Nor can I agree that the unanswered question about the policy limit injected Goss’ wealth into the case. The majority does not cite to a scintilla of evidence in the record which shows that Goss’ financial condition was disclosed to the jury. Even assuming that Goss had obtained a $1 million policy, such fact, even if true, would not prove that Goss’ business was lucrative, profitable, or flourishing, just that Goss was law-abiding and prudent by obtaining substantial liability insurance protection. Compare Adams v. Camp Harmony Assn., 190 Ga. App. 506, 507 (1) (379 SE2d 407) (1989) (impassioned remarks of defense counsel impermissibly prejudiced jurors by eliciting sympathy that camp would have to be shut down and that the future of “fine little boys” would be obliterated if plaintiffs prevailed).
I believe that the court’s carefully crafted curative instruction obviated the need for a mistrial. See Towe, 193 Ga. App. at 271 (1). To hold otherwise is to conclude that any question about insurance policy limits, even though not answered, automatically necessitates a mistrial. This is plainly not the law. Dubose, 222 Ga. App. at 100. To follow the majority’s mechanistic approach is to completely divest a trial court of its right to exercise discretion. Such an approach invites the possibility of abuse, where a savvy attorney who perceives the case is proceeding poorly could strategically elect to ask the forbidden question to trigger an automatic mistrial.
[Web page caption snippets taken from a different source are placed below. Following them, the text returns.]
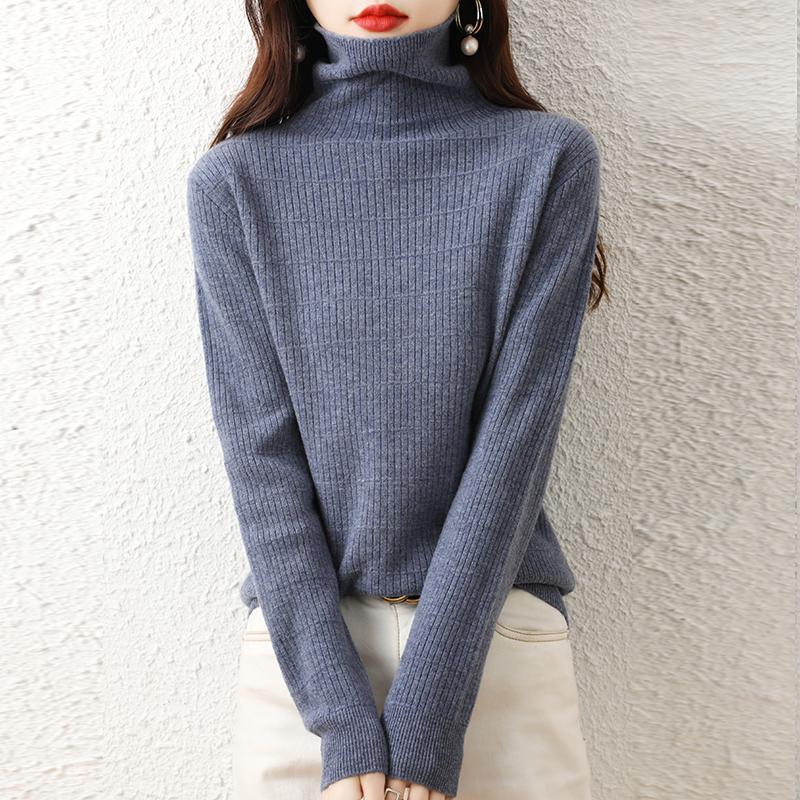 Dame genser Turtleneck MODERN NEW SAGA Vinter Myk Varm Ull Gensere Strikket Genser Høst Dame Genser Strikket Topp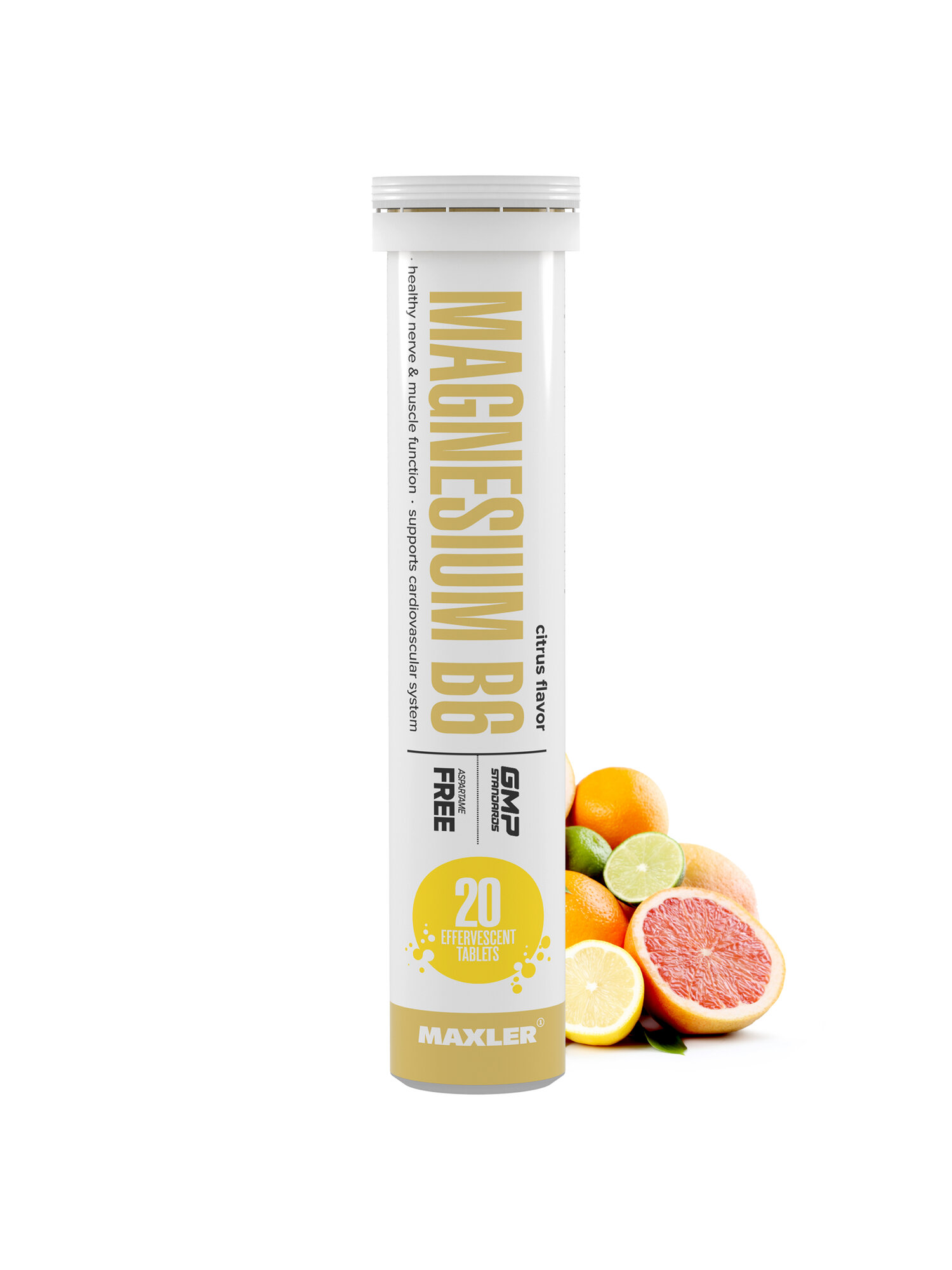 Магний Б6 в шипучих таблетках Maxler Magnesium B6 Effervescent, 20 штук - Цитрус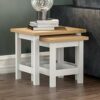 Vida Designs Arlington Nest of 2 Tables Side End Modern Table Set MDF Square Furniture White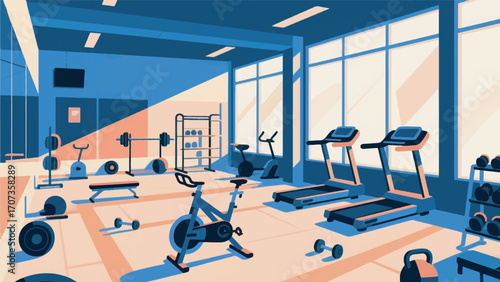 illustration of a deserted gym vector design template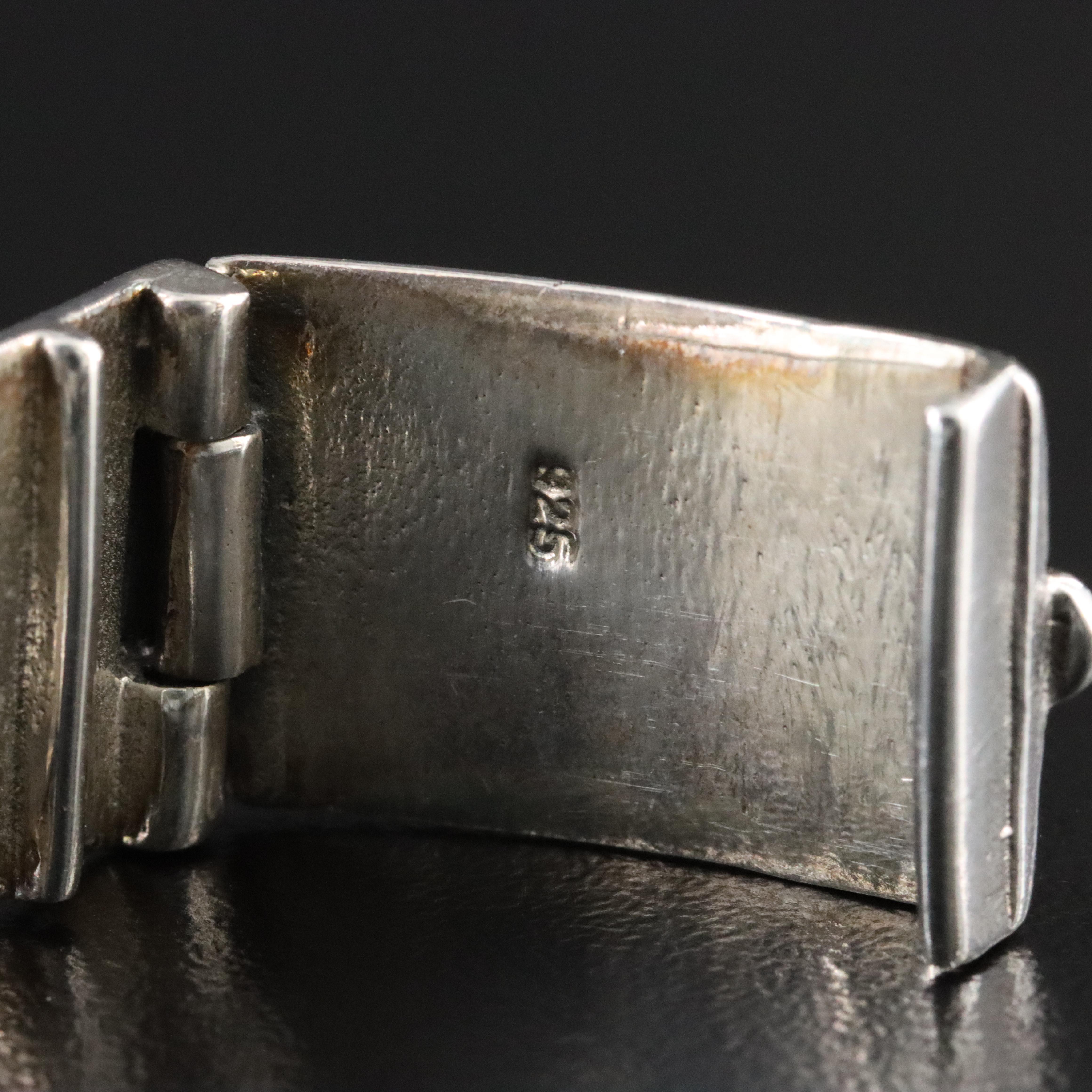 Sterling Faux Pearl and Marcasite Bracelet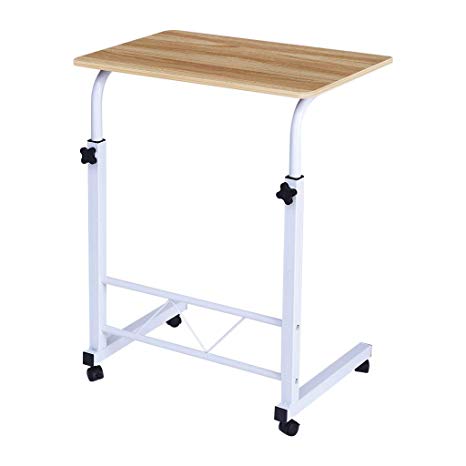 Transser Portable Laptop Rolling Cart Standing Table Portable Height Adjustable Bedside Mobile Laptop Computer Stand Desk with Removable Wheels, Shipping From NJ. (Yellow)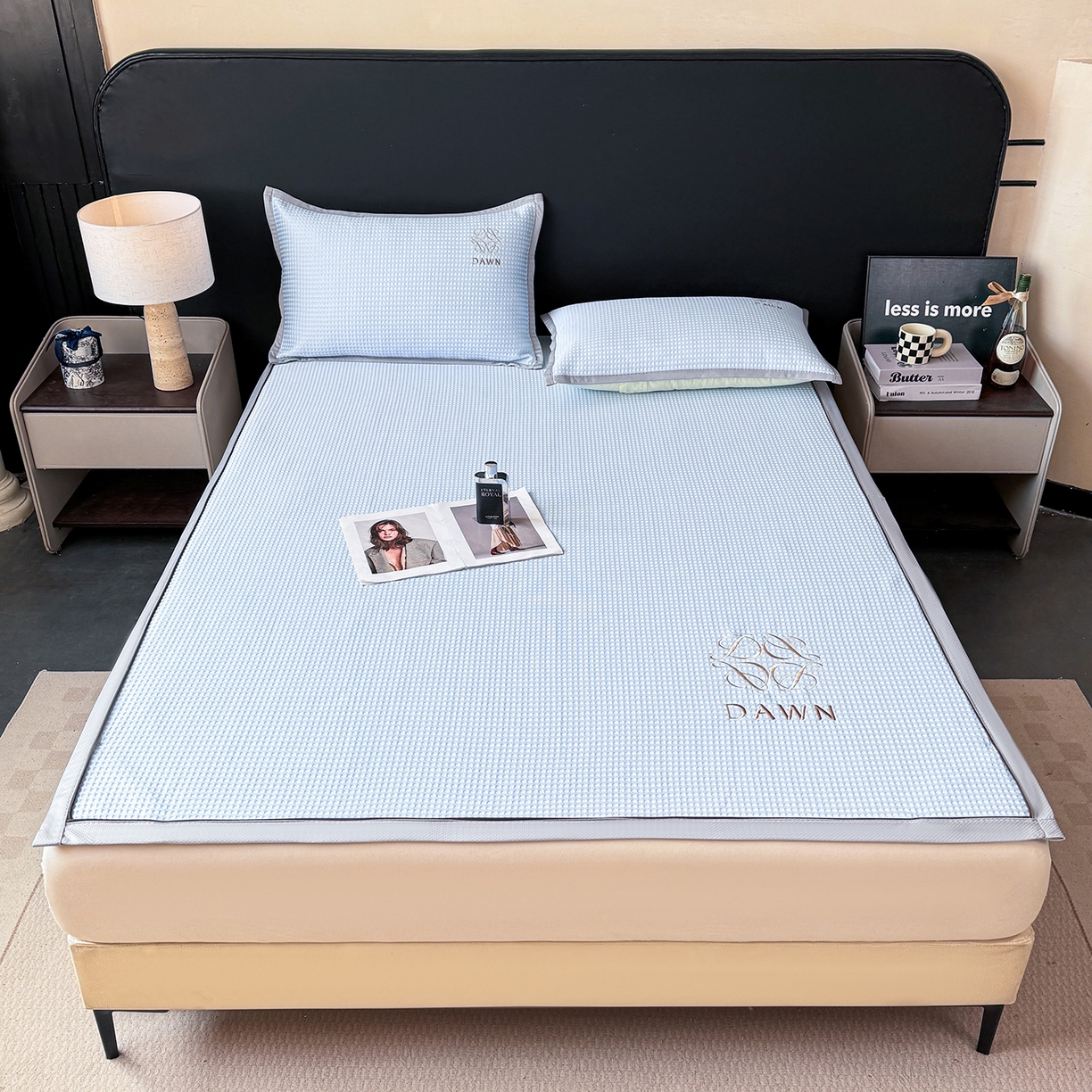 91家纺网 家纺一手货源 找家纺 眠势力 2026新款冰豆豆凉席刺绣款凉席子冰感豆豆床单软凉席三件套可机洗 雅致-兰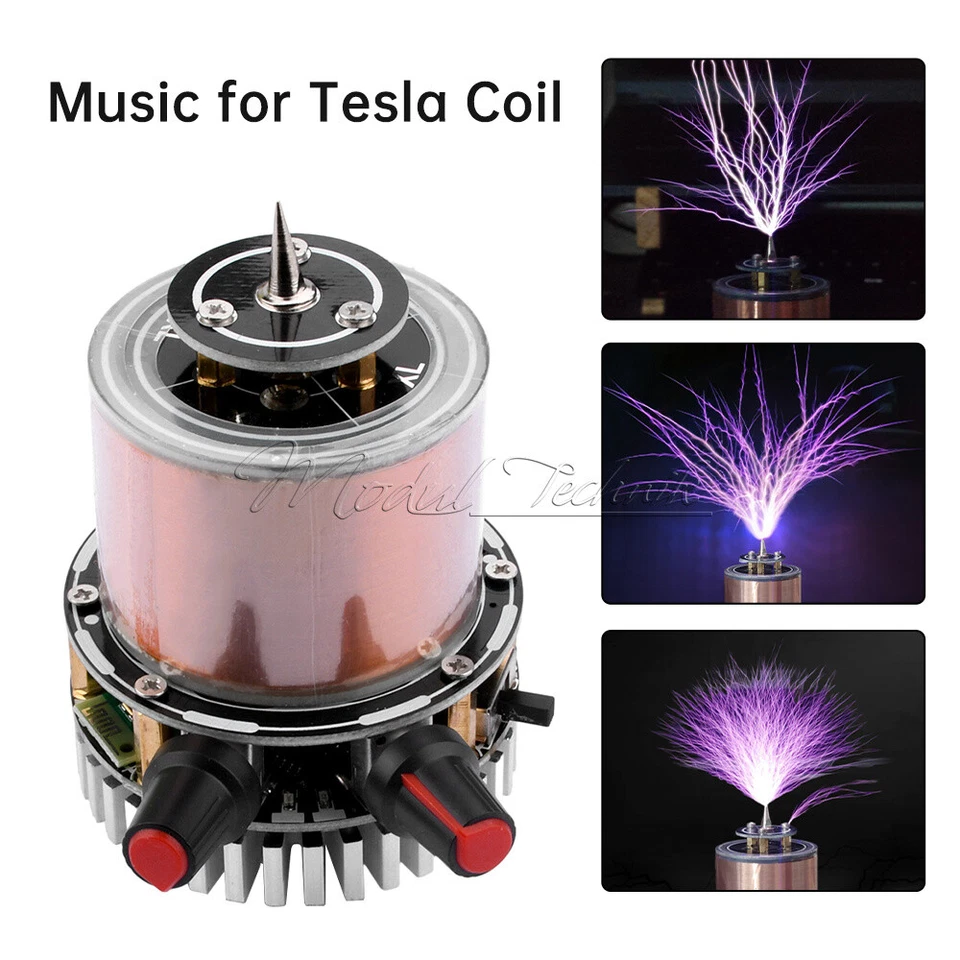 Mini Plasma Music Tesla Coil Arc Generator Artificial Lightning Bluetooth DC48V - Bild 2 von 4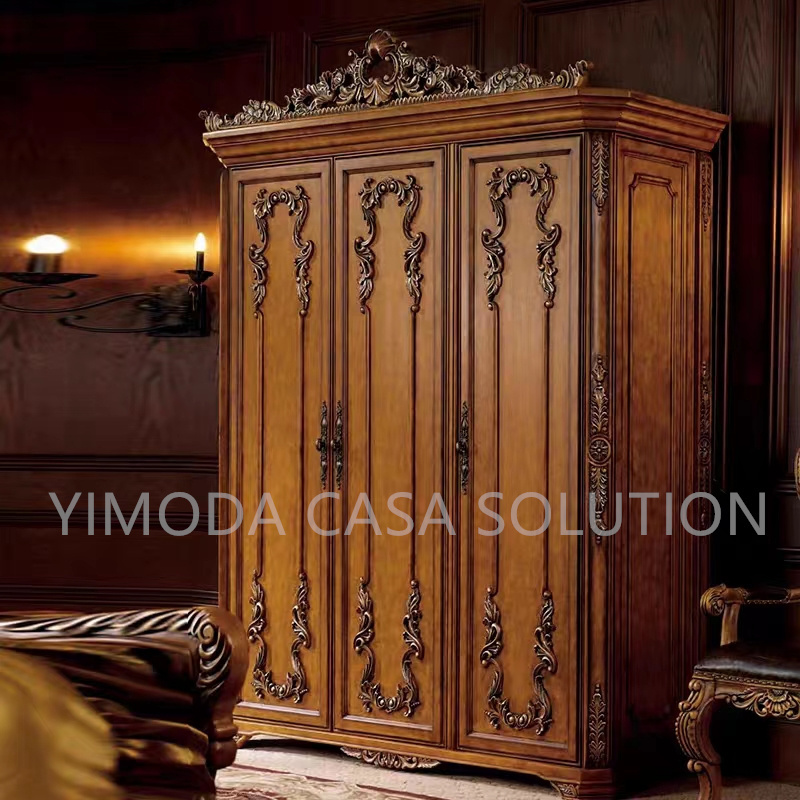 Custom Style Solid Wood Bedroom Furniture Solid Wood Carved Redwood Wardrobe Brown Antique Luxury Wardrobe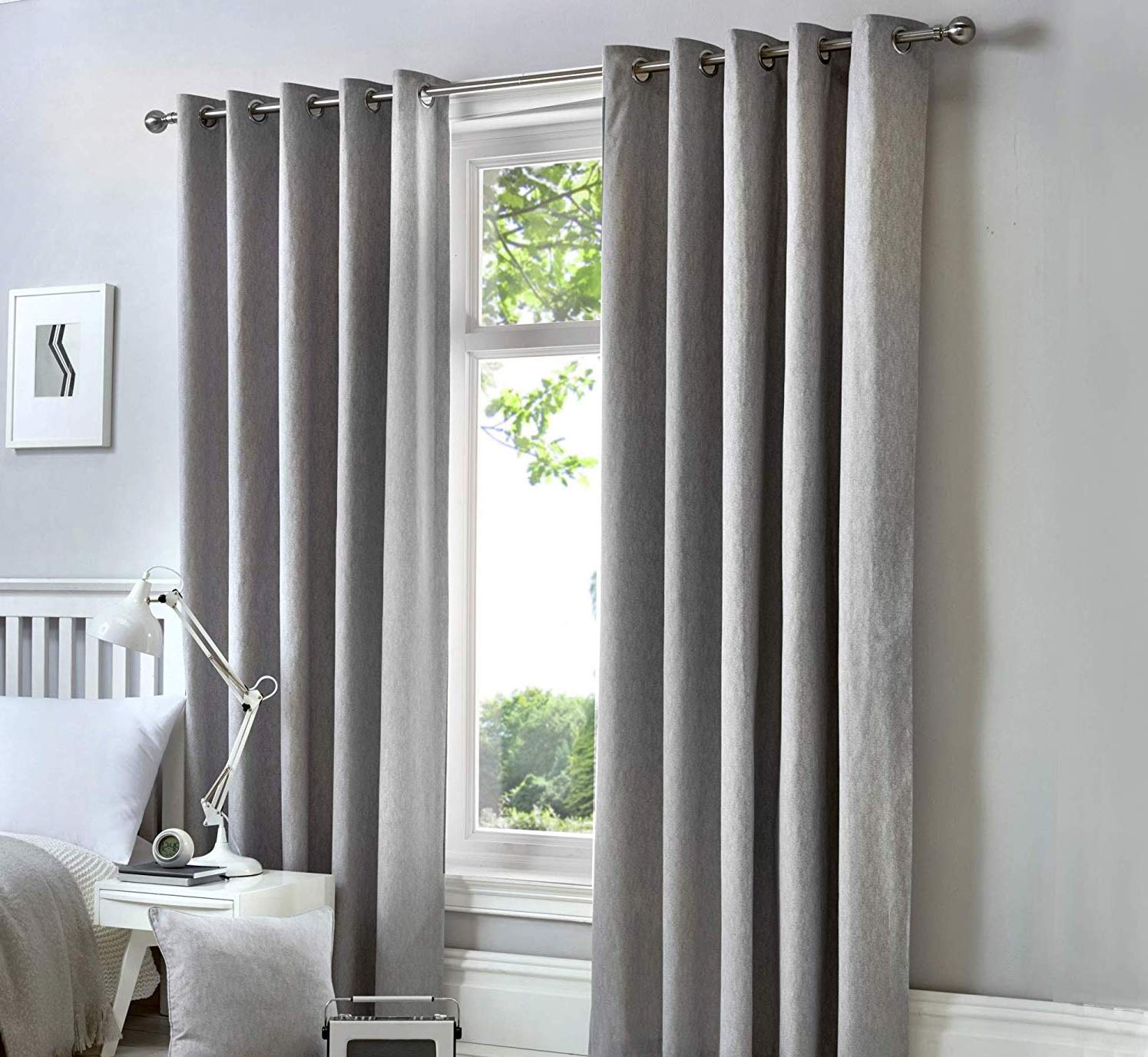 Fusion W66 x L90 Light Eyelet Curtains-100 Bedroom/Living Room-Door Curtain-Thermal Drapes/Window Treatment-Sorbonne Collection, Cotton, Silver Grey, 66" Width x 90" Drop (168 x 229cm)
Having found no evidence of a manifest abuse of discretion in the *360trial court’s use of a proper and complete curative instruction, I must respectfully dissent. See id.
Decided August 21, 1997 Reconsideration denied September 4, 1997 McNatt, Greene & Thompson, Hugh B. McNatt, Richard S. Thompson, for appellants. Salter & Shook, Mitchell M. Shook, Susan S. Shook, for appellee.I am authorized to state that Presiding Judge McMurray joins in this dissent.